Ayat ini ditutup dengan kalimat penegas yang penuh harapan: إِنَّهُ كَانَ تَوَّابًا (innahuu kaana tawwaabaa), "Sungguh, Dia Maha Penerima tobat." Nama Allah "At-Tawwab" berasal dari akar kata yang berarti "kembali". Allah adalah At-Tawwab karena Dia senantiasa "kembali" kepada hamba-Nya dengan rahmat dan ampunan setiap kali hamba itu "kembali" kepada-Nya dengan penyesalan dan tobat. Ini adalah jaminan bahwa pintu ampunan Allah selalu terbuka lebar bagi siapa saja yang tulus memintanya.
Pelajaran dan Hikmah Abadi dari Surah An-Nasr
Meskipun Surah An-Nasr turun dalam konteks sejarah yang spesifik, pesan-pesannya bersifat universal dan abadi. Setiap Muslim, baik sebagai individu maupun sebagai bagian dari komunitas, dapat memetik pelajaran berharga darinya.

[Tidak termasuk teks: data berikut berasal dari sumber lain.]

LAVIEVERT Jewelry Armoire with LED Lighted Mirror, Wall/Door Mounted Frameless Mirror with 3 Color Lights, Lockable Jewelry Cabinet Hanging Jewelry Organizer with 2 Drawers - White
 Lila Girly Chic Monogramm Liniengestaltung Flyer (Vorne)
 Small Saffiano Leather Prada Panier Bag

1. Hakikat Pertolongan dan Kemenangan
Surah ini mengokohkan pilar utama akidah, yaitu segala sesuatu berasal dari Allah. Kemenangan dalam peperangan, kesuksesan dalam bisnis, kelulusan dalam studi, kesembuhan dari penyakit, atau pencapaian apa pun dalam hidup, pada hakikatnya adalah "Nashrullah", pertolongan dari Allah. Menginternalisasi pelajaran ini akan melahirkan pribadi yang tidak sombong saat berhasil dan tidak putus asa saat gagal. Ia akan selalu bersandar pada kekuatan Allah, bukan pada kekuatan dirinya sendiri.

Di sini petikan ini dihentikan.